Anyway. My question is - has anyone seen this doll? Inflated? Does it even look like Teighlor? Is it worth $240 Australian (featuring certain vibrating sections - hahaha)?

I'm really curious more than anything. Just to see if they were able to replicate Teighlor's body in plastic or rubber or whatever. Also, if Teighlor herself wishes to reply, or if anyone else knows, was she aware of this doll? Did the creators have consent? 

That's all. Thanks guys


----------



## Zoom (Jul 31, 2007)

I've seen this item before on the web. Though Teighlor's picture is on the box, the inside is just another blowup doll with more material, if you know what I mean. And her face looks like any blowup doll's-- i.e. a horrendous mouth, etc.

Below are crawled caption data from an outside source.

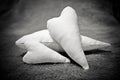 Three soft handmade hearts sewn from flax, lie on the rug. Vignetted black and white photo with cinematic grain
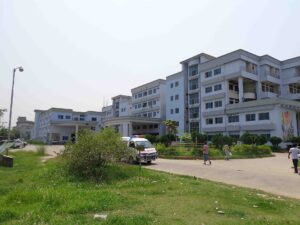 সাদা রঙের বহুতল হাসপাতাল ভবনের সামনে খোলা চত্বর, পাশে অ্যাম্বুলেন্স ও গাছপালা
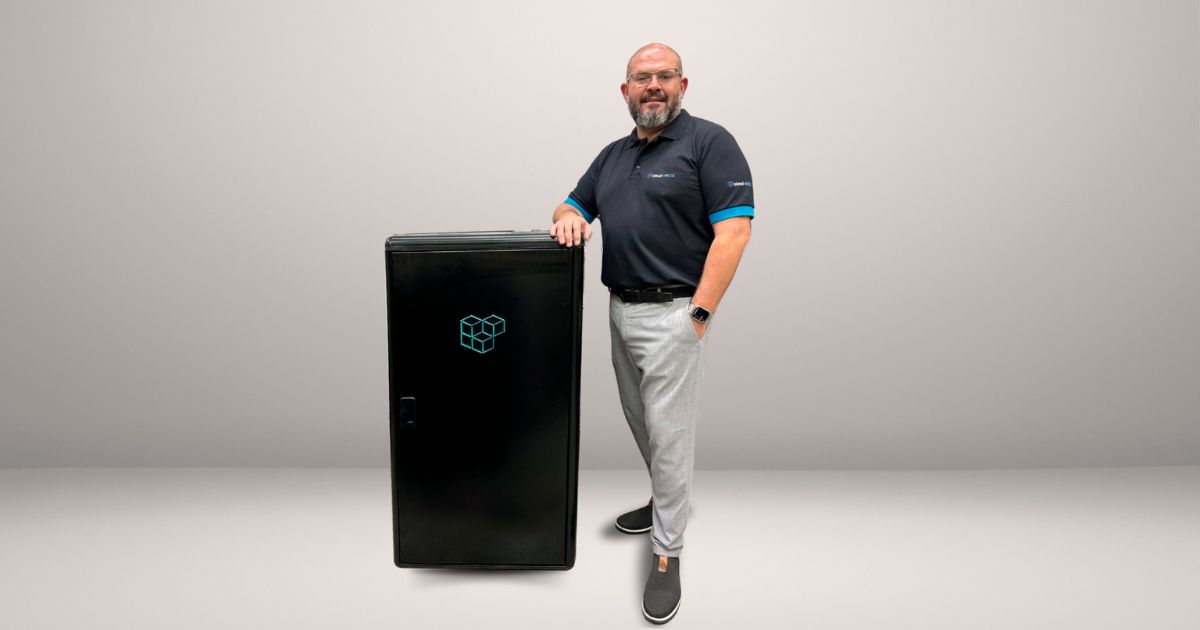 A imagem apresenta André Machado, head de pesquisa, desenvolvimento e inovação da cloudvBOX, posando ao lado do vBOX EDGE, a solução desenvolvida pela empresa. Ele está vestido com uma camisa polo preta, com detalhes em azul nas mangas e o logotipo da empresa, além de calça clara e sapatos casuais escuros. O vBOX EDGE, exibido ao seu lado, é um equipamento de cor preta com o logotipo da cloudvBOX em destaque, ilustrando o design compacto e funcional do micro data center. O fundo é neutro, direcionando toda a atenção para André e o equipamento.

Probably made Teighlor a small bit of cash in the early 90s.

The problem is that you have to spend more money to make better quality products, and if Teighlor did this for the money (or even for a lark), there's no way it could have been "great".

Simple equation:
Real girlfriend > Imaginary girlfriend > Blow-up doll


----------



## Russell Williams (Aug 1, 2007)

The last time Teglor talked to me about this was several years ago but as best I remember it was something that someone did with out her permission and did not give her any profit from. Since that time the situation may have changed. 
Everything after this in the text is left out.